NEONATAL LACTOBEZOAR – LITERATURE REVIEW AND TWO CASE REPORTS

M. Golež
Klinični oddelek za neonatologijo, Pediatrična klinika, Univerzitetni klinični center Ljubljana, Ljubljana, Slovenija

S. Mali Brajovič
Klinični inštitut za radiologijo, Univerzitetni klinični center Ljubljana, Ljubljana, Slovenija

A. Granda
Klinični oddelek za otroško kirurgijo in intenzivno terapijo, Kirurška klinika, Univerzitetni Klinični center Ljubljana, Ljubljana, Slovenija

G. Nosan
Klinični oddelek za neonatologijo, Pediatrična Klinika, Univerzitetni klinični center Ljubljana, Ljubljana, Slovenija

Abstract

A lactobezoar is a pathological conglomeration of undigested milk and mucus in the intestinal tract of milk-fed children. It is most frequently seen in the stomach of newborns, especially preterms, and results from the coagulation of milk and mucous proteins. The pathogenesis has multiple factors: exogenous influences such as a high content of calories, casein or medium-chain triglycerides in milk formula, as well as endogenous factors including immature gastrointestinal function in premature and/or low birth weight newborns. Clinically, a lactobezoar frequently manifests itself as acute abdomen with abdominal distension and pain or vomiting, or as diarrhoea or a palpable abdominal mass. The diagnosis is based especially on a history of inappropriate milk feeding and signs of acute abdomen, and is easily confirmed by abdominal ultrasound.
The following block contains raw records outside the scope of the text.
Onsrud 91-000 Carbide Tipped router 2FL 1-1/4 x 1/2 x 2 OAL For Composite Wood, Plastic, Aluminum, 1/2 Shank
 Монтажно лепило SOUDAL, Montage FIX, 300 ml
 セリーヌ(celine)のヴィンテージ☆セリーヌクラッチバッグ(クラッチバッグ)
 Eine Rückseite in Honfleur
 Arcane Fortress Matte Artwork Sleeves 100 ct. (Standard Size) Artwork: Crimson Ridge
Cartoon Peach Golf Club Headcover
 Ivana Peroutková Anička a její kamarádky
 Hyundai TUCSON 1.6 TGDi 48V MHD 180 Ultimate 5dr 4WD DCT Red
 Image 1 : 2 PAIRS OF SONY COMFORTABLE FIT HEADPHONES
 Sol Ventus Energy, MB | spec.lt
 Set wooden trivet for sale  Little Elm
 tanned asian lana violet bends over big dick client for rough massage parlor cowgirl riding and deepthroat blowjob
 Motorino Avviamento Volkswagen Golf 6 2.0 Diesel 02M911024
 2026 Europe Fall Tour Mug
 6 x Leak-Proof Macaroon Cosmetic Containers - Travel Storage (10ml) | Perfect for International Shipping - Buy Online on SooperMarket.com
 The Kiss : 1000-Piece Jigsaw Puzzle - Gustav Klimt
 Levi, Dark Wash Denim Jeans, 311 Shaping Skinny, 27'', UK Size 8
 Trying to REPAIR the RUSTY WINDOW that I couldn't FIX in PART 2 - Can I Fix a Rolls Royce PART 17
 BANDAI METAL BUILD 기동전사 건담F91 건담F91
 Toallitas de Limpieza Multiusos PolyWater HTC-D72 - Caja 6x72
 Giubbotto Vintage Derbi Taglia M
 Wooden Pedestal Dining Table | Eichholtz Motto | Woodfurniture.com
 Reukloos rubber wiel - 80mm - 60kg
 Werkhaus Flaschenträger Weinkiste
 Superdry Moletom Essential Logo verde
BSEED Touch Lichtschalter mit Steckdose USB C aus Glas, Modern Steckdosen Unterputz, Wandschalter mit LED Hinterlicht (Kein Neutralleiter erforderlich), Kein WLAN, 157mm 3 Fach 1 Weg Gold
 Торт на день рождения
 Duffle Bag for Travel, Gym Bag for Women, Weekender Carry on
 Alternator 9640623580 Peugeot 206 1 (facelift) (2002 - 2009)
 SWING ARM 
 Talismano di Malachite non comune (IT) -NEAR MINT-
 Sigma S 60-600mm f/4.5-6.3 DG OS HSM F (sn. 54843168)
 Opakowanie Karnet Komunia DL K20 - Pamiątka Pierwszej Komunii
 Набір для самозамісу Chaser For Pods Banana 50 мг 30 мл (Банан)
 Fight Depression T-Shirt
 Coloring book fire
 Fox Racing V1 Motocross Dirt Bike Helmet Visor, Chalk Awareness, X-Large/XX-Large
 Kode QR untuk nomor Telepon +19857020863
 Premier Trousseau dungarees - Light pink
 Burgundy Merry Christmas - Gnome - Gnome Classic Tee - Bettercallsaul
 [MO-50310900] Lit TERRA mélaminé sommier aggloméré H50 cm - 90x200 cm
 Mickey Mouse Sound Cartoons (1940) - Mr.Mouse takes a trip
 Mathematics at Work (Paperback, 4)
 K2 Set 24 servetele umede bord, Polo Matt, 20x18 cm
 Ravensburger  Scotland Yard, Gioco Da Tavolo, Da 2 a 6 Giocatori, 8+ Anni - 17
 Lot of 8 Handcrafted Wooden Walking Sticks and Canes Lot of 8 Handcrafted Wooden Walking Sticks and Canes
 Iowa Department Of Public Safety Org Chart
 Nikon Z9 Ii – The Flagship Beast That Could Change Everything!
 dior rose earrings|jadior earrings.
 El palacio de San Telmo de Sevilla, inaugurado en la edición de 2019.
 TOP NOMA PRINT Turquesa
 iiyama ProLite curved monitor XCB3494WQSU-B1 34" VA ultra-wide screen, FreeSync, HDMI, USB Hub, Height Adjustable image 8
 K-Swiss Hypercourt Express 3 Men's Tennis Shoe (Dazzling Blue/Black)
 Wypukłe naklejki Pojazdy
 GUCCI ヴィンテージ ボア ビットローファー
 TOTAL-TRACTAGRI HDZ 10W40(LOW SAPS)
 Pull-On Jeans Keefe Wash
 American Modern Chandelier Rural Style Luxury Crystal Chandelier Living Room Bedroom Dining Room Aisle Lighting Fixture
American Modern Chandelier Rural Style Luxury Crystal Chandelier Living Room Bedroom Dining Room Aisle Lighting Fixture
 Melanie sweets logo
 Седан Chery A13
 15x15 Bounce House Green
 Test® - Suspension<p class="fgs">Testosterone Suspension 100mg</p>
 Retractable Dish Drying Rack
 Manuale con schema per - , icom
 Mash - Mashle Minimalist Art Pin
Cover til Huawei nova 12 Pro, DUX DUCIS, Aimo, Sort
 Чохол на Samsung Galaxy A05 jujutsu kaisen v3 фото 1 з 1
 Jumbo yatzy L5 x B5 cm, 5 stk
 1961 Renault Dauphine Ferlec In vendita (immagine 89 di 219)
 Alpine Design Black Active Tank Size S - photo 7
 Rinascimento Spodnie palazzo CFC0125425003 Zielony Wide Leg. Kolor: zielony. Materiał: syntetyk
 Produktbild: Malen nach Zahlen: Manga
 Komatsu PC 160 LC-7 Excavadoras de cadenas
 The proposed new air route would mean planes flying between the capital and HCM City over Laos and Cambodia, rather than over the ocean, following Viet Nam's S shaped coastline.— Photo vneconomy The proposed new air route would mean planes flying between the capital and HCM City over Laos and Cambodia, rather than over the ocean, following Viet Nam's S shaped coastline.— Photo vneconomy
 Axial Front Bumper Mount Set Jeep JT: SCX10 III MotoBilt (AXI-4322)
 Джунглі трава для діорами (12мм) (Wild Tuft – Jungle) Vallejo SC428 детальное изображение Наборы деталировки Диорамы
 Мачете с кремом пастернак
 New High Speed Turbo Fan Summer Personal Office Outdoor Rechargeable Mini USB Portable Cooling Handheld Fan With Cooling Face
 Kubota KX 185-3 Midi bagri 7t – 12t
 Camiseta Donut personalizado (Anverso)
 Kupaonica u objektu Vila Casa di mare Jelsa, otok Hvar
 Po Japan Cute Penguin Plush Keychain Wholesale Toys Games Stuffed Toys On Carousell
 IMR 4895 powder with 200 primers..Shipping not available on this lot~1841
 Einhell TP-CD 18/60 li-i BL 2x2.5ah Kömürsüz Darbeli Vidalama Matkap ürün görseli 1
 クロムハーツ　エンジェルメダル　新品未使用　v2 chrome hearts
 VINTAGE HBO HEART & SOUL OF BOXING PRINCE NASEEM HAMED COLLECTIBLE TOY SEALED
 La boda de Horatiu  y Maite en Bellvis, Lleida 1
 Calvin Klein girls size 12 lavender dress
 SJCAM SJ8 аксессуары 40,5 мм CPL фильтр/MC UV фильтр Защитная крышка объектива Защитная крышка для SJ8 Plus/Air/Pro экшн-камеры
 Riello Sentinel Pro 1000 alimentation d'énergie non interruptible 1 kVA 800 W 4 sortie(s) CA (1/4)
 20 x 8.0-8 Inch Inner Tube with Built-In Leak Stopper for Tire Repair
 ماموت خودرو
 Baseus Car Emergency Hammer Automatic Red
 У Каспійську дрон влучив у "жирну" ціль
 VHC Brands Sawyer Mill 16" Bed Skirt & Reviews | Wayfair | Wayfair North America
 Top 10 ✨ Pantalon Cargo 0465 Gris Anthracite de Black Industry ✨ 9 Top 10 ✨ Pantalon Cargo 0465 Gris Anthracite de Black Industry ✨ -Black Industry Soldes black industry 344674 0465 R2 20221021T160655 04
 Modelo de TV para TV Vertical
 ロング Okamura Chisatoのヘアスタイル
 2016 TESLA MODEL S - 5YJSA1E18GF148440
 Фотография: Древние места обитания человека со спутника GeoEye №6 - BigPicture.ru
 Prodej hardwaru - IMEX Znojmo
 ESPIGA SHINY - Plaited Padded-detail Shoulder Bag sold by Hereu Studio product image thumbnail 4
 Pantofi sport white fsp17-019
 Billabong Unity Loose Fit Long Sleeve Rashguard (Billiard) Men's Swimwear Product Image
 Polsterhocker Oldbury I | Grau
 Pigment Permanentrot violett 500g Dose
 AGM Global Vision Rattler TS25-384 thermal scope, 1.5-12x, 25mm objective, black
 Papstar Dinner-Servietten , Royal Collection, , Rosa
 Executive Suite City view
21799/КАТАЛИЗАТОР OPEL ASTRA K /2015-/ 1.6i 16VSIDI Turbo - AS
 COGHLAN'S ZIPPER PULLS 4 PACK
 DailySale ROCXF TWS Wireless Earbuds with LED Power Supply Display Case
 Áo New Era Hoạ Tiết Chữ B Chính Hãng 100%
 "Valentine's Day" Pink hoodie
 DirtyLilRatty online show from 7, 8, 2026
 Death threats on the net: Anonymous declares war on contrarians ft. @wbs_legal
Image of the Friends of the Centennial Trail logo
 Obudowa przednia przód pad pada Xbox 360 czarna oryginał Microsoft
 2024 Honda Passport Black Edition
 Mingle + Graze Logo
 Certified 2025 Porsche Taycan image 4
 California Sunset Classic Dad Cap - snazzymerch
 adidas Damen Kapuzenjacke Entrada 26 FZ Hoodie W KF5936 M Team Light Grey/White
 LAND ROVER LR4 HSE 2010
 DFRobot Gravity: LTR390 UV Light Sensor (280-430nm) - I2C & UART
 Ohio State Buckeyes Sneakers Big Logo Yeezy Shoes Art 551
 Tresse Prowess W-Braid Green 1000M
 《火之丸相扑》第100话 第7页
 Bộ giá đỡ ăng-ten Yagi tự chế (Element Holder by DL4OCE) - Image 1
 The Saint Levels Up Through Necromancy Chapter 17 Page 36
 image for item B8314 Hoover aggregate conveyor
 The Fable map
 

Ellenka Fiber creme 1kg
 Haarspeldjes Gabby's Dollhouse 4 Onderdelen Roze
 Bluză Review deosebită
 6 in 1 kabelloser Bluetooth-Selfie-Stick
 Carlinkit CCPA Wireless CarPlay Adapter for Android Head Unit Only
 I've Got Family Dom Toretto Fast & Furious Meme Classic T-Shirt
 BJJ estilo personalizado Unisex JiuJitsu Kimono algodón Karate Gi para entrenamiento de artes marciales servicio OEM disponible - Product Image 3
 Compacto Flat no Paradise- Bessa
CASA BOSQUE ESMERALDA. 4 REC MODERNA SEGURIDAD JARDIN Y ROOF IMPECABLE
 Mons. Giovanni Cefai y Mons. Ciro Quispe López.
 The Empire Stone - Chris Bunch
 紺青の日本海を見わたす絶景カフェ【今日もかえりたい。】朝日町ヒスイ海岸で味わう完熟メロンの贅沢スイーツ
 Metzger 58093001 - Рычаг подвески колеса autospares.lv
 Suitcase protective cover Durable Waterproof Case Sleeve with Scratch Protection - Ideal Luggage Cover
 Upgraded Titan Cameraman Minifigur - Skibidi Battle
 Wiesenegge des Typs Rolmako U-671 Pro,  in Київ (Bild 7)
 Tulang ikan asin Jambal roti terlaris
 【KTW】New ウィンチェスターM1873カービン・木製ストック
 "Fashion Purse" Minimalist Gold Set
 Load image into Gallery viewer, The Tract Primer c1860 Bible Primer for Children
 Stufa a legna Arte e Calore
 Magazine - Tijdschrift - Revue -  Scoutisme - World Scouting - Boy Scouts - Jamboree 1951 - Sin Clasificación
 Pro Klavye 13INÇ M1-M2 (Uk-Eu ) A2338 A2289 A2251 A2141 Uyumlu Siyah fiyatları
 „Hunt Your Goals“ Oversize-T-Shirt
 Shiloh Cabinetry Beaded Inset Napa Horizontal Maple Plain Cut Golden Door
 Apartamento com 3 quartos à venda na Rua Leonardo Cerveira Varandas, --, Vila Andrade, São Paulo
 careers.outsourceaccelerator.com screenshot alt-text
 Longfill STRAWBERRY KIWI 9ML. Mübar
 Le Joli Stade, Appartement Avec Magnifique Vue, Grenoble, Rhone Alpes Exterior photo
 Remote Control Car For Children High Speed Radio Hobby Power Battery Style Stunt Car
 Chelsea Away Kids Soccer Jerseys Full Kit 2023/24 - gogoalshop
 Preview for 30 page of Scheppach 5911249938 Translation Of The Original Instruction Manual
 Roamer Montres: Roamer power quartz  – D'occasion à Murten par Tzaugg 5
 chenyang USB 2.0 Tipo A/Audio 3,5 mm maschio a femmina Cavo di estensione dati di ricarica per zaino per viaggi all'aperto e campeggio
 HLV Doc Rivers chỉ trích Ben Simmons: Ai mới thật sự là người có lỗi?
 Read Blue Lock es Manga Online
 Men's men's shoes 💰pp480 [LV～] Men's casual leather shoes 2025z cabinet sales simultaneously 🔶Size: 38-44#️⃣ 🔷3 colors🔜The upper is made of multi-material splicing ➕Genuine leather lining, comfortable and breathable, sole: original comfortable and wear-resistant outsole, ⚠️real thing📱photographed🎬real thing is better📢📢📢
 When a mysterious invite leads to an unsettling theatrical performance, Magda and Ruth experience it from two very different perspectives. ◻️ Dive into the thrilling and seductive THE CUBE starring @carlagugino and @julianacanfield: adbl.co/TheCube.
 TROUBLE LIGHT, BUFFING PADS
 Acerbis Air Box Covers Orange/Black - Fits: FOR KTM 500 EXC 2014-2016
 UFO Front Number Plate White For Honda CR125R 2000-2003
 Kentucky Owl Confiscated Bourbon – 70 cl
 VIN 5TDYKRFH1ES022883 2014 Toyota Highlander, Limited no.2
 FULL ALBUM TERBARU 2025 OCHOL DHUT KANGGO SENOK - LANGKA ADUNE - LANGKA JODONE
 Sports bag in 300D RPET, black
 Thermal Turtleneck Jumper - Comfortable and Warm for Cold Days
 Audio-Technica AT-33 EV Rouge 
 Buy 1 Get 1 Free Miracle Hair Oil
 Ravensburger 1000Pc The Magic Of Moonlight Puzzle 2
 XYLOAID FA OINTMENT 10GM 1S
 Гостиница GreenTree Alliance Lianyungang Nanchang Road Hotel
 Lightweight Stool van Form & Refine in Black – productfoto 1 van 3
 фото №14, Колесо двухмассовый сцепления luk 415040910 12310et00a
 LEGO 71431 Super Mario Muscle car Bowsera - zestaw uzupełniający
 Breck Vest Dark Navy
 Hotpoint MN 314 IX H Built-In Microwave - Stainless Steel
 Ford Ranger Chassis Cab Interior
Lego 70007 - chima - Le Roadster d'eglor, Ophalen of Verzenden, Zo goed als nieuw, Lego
This shows a multi-layered round or oval mass of low echogenicity, which contains multiple interspersed spots of high echogenicity. These indicate bubbles of trapped air. The mass can be seen floating freely or partially touching the gastric wall. In subsequent ultrasound examinations the mass grows and moves from the fundus to the antrum. X-ray examination of the upper intestinal tract with contrast shows an intra-gastric large circular filling defect. Cessation of oral feeding combined with administration of intravenous fluids and gastric lavage, and sometimes with mucolytic N-acetylcysteine, resolve most neonatal gastric lactobezoars. Laparotomy is rarely needed. The prognosis of lactobezoar is very good; exceptionally there can be serious complications such as intestinal obstruction or perforation.